_RECORDS FOR THIS EXERCISE_:
--------------------------------------------------

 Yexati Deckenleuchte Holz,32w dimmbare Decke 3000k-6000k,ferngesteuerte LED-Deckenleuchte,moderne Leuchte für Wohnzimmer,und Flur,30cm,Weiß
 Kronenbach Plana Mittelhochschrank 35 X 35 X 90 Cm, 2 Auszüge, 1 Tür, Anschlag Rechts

--------------------------------------------------

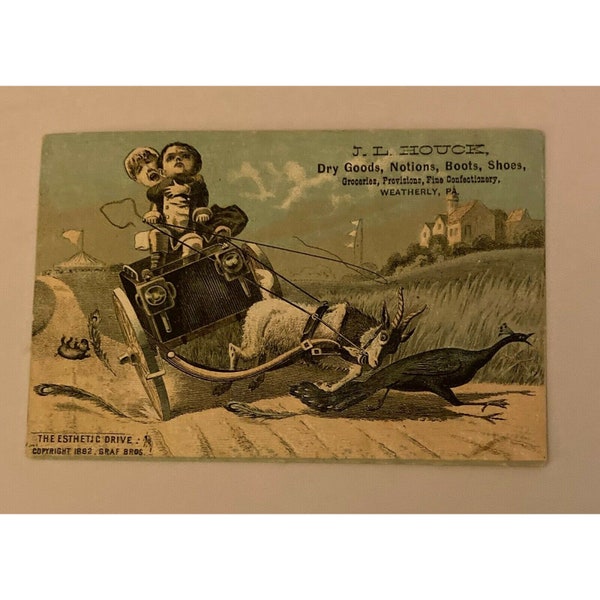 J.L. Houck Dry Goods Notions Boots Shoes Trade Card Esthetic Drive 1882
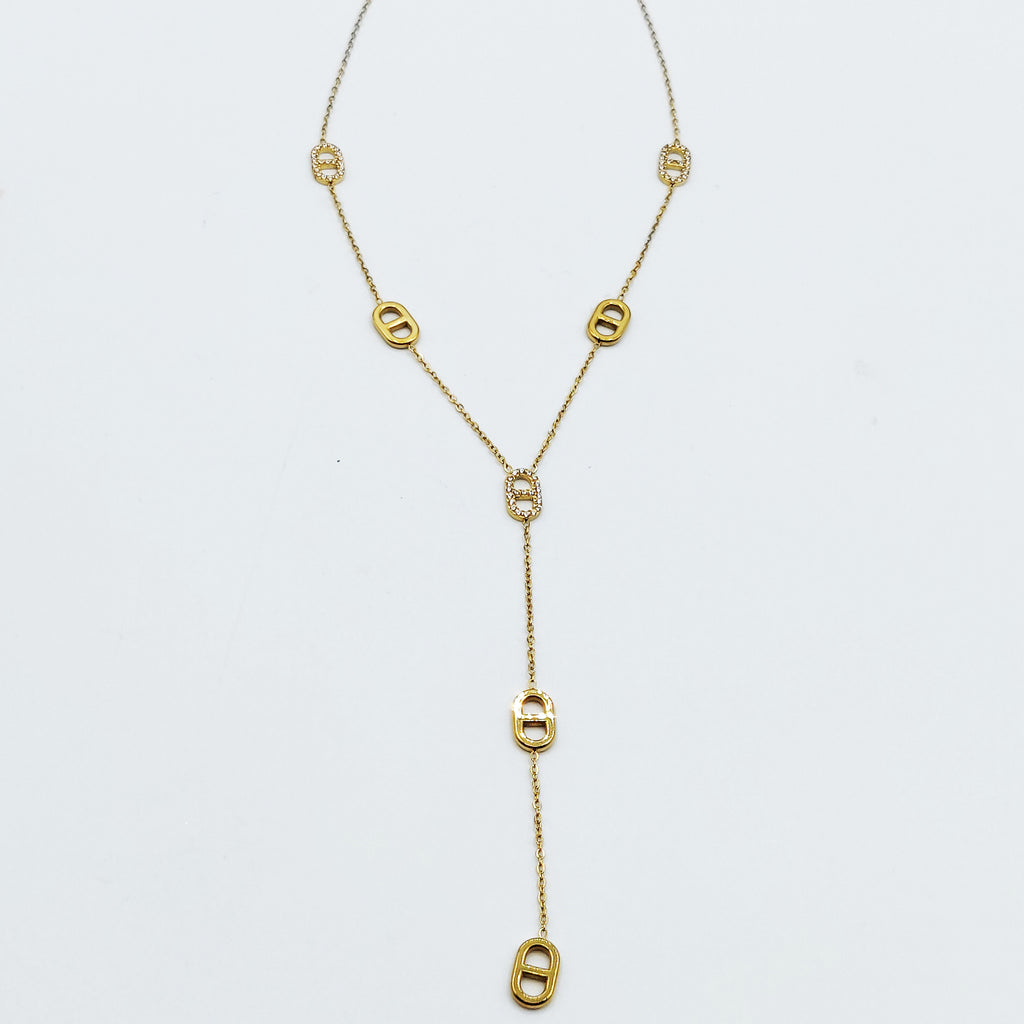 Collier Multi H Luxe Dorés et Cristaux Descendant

--------------------------------------------------

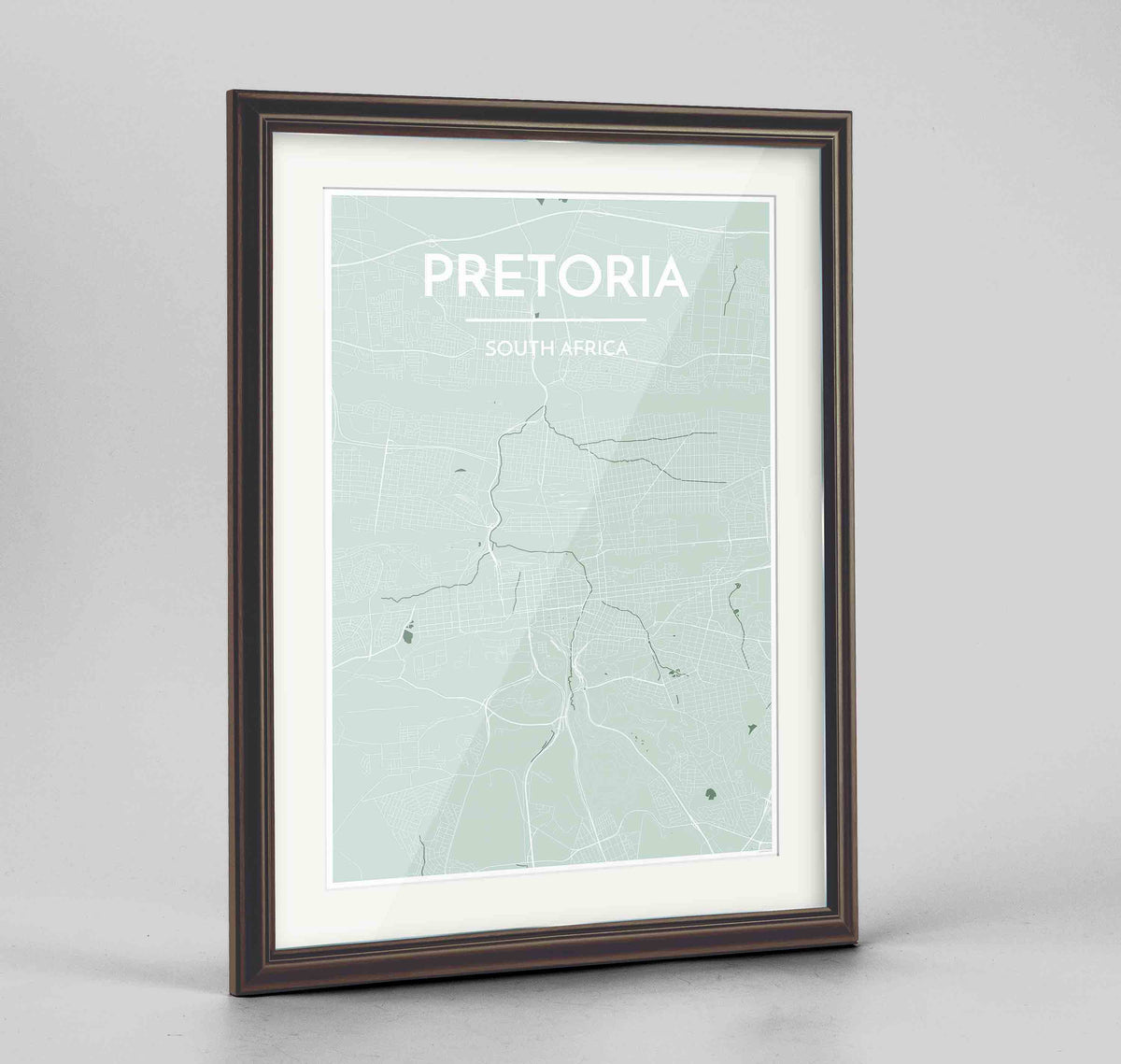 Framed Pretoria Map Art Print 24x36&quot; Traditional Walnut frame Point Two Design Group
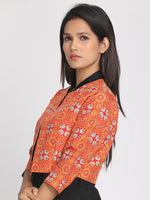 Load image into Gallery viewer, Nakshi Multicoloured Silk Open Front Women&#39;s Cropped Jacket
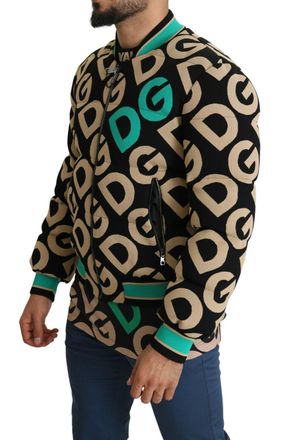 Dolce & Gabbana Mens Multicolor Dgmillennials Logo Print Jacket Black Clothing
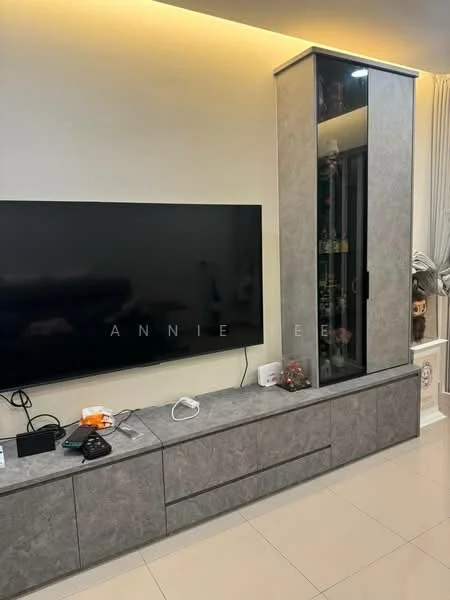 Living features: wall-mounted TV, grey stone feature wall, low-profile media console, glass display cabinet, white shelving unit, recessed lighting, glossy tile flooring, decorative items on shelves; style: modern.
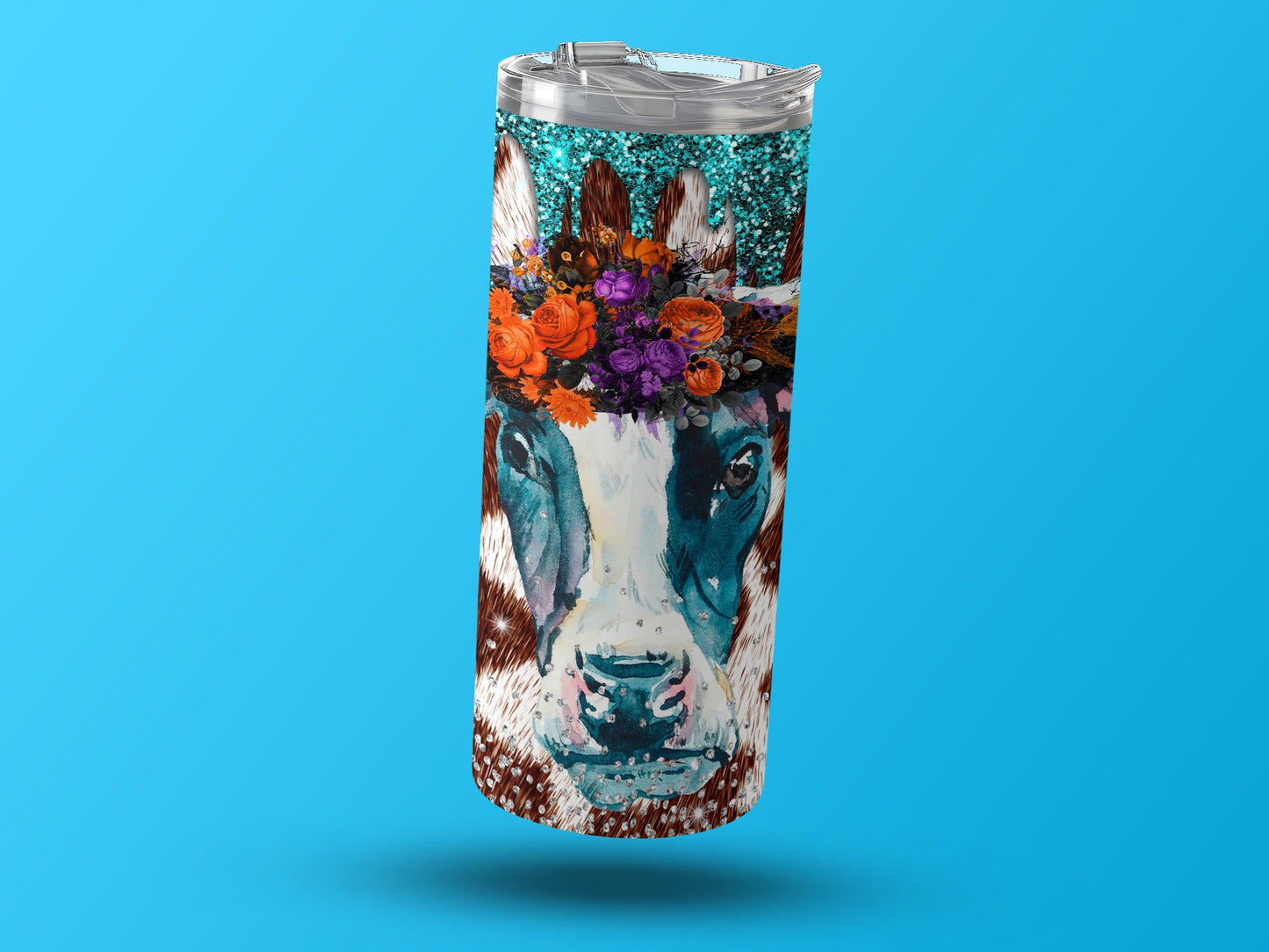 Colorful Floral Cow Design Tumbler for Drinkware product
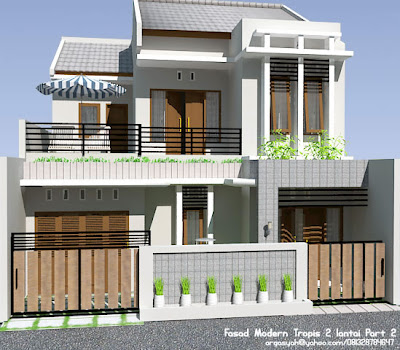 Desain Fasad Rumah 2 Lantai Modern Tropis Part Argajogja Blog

--------------------------------------------------

_TASK PROMPT_: Of the lines above, copy only those from the one holding "Dolce & Gabbana" to the one holding "Desain Fasad Rumah", both included, and exclude every image.

_WRITTEN ANSWER_:
 Dolce & Gabbana Mens Multicolor Dgmillennials Logo Print Jacket Black Clothing
 Living features: wall-mounted TV, grey stone feature wall, low-profile media console, glass display cabinet, white shelving unit, recessed lighting, glossy tile flooring, decorative items on shelves; style: modern.
 Colorful Floral Cow Design Tumbler for Drinkware product
 Desain Fasad Rumah 2 Lantai Modern Tropis Part Argajogja Blog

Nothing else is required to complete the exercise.